The differences matter and are worth stating clearly.

California and Virginia gave voters a direct say — through ballot referendums — on whether to proceed with new maps. Republicans in Louisiana suspended an election that was already happening to prevent voters from having any say at all.

Democrats are drawing maps in response to a redistricting wave that Trump himself initiated when he ordered Texas to redraw its maps last year — maps that Republicans won the House majority with in both 2022 and 2024. Trump started this war because his party is terrified of November’s midterms, where every major polling indicator shows Democrats with a significant advantage. He is trying to draw his way out of an electoral reckoning his own policies created.

And critically: the maps Democrats are drawing do not have as their explicit purpose the elimination of districts represented by white Republicans. The maps Republicans are drawing have as their explicit, stated, documented purpose the elimination of districts represented by Black Democrats.

That is not the same thing. It is not ethically equivalent. And the refusal to acknowledge that distinction — to insist that both parties are "just gerrymandering" — requires ignoring the specific racial targeting that is the documented purpose of what is happening in Alabama, Louisiana, Tennessee, Florida, and South Carolina right now.

Why the Voting Rights Act Existed

The Voting Rights Act of 1965 was born, as Justice Kagan wrote in her dissent, "of the literal blood of Union soldiers and civil rights marchers." It was passed because states — specifically these states — spent a century after the 15th Amendment theoretically guaranteed Black Americans the right to vote inventing new mechanisms to make that right meaningless. Literacy tests. Poll taxes. Grandfather clauses. At-large elections. Racial gerrymanders justified as partisan decisions.

The Act required those states to prove their election law changes did not harm minority voting power before implementing them. It existed specifically because the history of these states demonstrated, beyond any reasonable doubt, that left to their own devices, they would use every available tool to dilute and eliminate Black political representation.

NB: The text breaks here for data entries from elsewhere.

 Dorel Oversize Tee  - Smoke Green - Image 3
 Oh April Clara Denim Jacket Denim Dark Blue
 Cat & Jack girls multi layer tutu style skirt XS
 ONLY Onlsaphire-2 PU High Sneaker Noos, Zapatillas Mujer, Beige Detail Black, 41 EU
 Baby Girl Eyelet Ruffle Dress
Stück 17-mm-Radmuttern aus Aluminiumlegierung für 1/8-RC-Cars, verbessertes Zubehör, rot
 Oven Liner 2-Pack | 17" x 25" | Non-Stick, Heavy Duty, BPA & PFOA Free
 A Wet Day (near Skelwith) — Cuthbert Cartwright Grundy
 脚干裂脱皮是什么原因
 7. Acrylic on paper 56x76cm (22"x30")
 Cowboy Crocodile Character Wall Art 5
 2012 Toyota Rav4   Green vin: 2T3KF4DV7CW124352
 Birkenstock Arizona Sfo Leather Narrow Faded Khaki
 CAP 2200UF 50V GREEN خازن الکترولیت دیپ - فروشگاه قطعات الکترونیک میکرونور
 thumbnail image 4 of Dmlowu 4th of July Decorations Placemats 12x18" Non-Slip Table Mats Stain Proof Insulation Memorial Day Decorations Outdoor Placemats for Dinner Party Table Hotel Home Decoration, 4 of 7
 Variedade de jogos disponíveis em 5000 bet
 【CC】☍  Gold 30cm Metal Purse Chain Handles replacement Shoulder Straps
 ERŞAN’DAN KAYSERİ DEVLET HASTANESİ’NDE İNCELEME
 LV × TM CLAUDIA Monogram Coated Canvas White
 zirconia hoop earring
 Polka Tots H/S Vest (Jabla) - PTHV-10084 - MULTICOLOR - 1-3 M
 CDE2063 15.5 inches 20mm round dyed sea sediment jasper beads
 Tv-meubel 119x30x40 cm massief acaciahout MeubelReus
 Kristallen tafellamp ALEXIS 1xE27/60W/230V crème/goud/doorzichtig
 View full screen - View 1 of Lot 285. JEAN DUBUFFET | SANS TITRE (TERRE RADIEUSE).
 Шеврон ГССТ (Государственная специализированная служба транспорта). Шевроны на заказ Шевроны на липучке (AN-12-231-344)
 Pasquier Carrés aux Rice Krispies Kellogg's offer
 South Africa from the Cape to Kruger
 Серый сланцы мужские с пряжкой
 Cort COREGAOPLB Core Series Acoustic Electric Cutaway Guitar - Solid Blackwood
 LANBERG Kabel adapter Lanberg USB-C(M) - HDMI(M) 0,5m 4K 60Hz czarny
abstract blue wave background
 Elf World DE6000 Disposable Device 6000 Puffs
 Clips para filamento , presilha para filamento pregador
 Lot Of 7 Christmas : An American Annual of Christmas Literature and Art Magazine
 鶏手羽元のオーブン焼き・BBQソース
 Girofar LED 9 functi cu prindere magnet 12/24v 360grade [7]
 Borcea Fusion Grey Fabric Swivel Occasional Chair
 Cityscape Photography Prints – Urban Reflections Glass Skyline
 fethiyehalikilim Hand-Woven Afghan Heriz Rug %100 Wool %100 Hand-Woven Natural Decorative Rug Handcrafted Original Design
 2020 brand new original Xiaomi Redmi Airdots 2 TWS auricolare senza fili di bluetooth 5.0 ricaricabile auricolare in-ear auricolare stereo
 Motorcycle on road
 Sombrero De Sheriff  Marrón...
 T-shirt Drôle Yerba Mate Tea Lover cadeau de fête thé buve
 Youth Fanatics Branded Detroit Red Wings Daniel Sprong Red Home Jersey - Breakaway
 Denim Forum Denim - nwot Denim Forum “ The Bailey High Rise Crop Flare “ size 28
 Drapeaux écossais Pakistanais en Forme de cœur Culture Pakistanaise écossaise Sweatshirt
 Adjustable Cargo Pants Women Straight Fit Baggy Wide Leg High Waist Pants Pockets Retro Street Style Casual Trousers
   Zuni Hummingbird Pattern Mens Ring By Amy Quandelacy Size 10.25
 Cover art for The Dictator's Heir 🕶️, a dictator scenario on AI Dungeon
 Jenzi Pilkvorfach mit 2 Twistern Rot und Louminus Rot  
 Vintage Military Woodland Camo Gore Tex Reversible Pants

Within 24 hours of the Supreme Court removing that protection, Louisiana suspended an active election to redraw its maps and eliminate its Black-represented districts. Within days, Alabama, Tennessee, Florida, and South Carolina were doing the same.

The speed of the response is itself the answer to anyone who asks whether the Voting Rights Act was still necessary.

It was necessary. It is necessary. And the events of the past two weeks have demonstrated exactly why — more clearly, and more urgently, than any argument ever could.

Rep. Cleo Fields — whose own district is being targeted for elimination — said it plainly: "The election is already underway. The Governor and the Secretary of State are attempting to disenfranchise voters in the 6th Congressional District and across Louisiana mid-election."

People have already voted. That should be the end of the conversation.

It isn’t. And the fact that it isn’t tells you everything you need to know about who needs protecting — and from whom.